Ora, o ponto que aqui pretendo levantar é simples.
Seria esta a fonte de inspiração dos pintores rupestres?
Ou seja, vendo algumas linhas que lhes poderiam sugerir contornos de animais, seguiam essa via, e limitavam-se a adicionar alguns traços que permitissem completar o desenho?
Devo dizer que o resultado final surpreende, porque não teria sido capaz de fazer os mesmos desenhos se não tivesse usado as inspiradoras linhas já existentes no sílex.
Usei a imagem do sílex, porque se tivesse pegado numa imagem de uma rocha, colocar-se-ia a hipótese de ter havido ali um verdadeiro desenho, e neste caso isso parece-me fora de hipótese.

O que adianta esta suposição? 
Ainda que não se aplique certamente a todos os desenhos, no caso em que há sobreposição de imagens, isso poderia resultar de o pintor ver vários bichos aparecerem de diversos contornos que se sobrepunham. 
Considerando importante dar relevo a todos eles, para que aparecessem no campo, tal como apareciam na rocha, não via desvantagem nem confusão na sobreposição de imagens - muito pelo contrário, isso antevia uma abundância para a caça. O valor da superstição poderia ser diferente se fosse apenas um desenho resultante da sua imaginação (esses seriam arbitrários em número), ou se resultasse de identificar nas cavernas alguns escassos contornos que sugeriam o aparecimento de caça.

Esta hipótese de superstição daria ainda motivo para que não se desenhassem figuras humanas (algo que é raro, ou praticamente inexistente, na arte rupestre europeia). Porque, ao fazer aparecer pessoas, ainda que os contornos o sugerissem, isso significaria fazer aparecer desconhecidos, que poderiam ser competidores inimigos. 
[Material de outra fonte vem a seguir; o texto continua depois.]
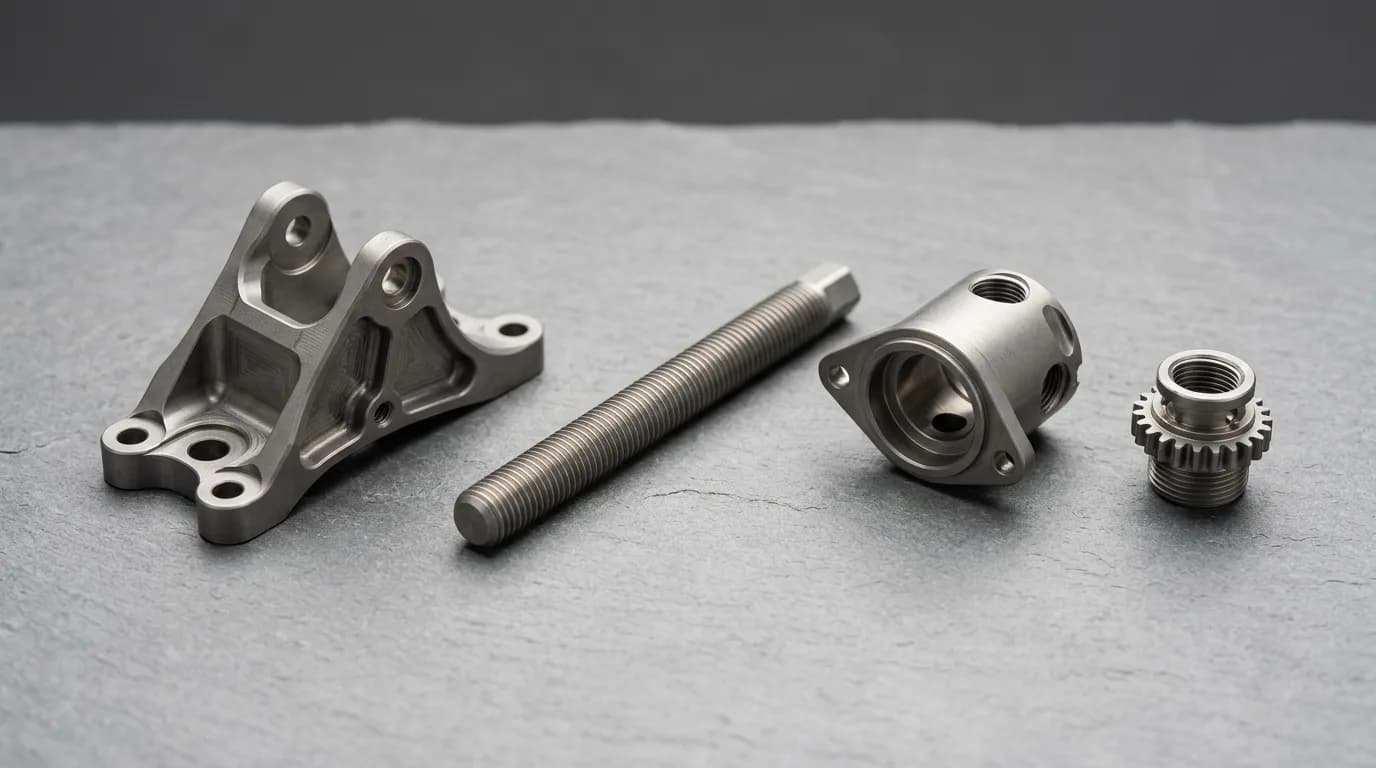 Ti-6Al-4V DMLS parts — topology-optimized bracket, manifold, and coupling for robotics, medical devices, and EV systems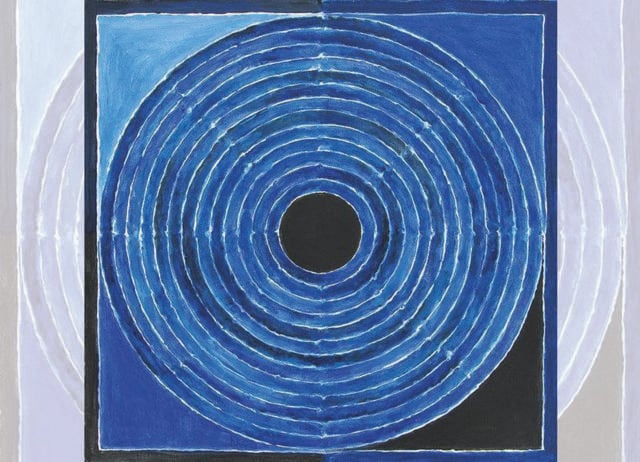 Abstract art, such as SH Raza’s Bindu, represents an idea or a feeling. Abstract art, such as SH Raza’s Bindu, represents an idea or a feeling.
Voltando à imagem do cavalo, podemos notar que há traços mais demarcados do que outros, que podem ter sido os traços originais, que serviram de inspiração à figura que se seguiu. Por outro lado, parece nunca ter havido uma tendência de alisar, de retirar confusão da rocha, para que uma imagem pretendida ficasse mais clara e liberta da confusão de riscos. Esta hipótese poderia ser melhor verificada, analisando se as pinturas seguem nalgumas linhas contornos pré-existentes (algo que está fora do meu alcance pessoal). 

Em paisagens graníticas, com grandes blocos de rocha, como é o caso da Beira Interior, há ainda formações naturais que sugerem diversas formas, e poderá ter ocorrido terem sido feitas pequenas alterações de escultura nas pedras para evidenciá-las. As melhores talvez tivessem sido depois destruídas, já que especialmente durante o período cristão, seriam associadas a idolatria de deuses pagãos, algo bastante reprimido pela Roma papal, que sucedeu à Roma pagã.

Em todo o caso, seja a situação de aproveitamento dos contornos das rochas muito ou pouco acidental, como técnica de pintura ou escultura seria mais fácil produzir excelentes desenhos vendo a imagem do animal em traços pré-existentes, do que procurar fazer o desenho de raiz, sem outro auxílio. Talvez essa simples descoberta tenha feito a diferença entre a qualidade dos desenhos que vemos na Europa, e outros desenhos bem mais toscos que apareceram noutras paragens.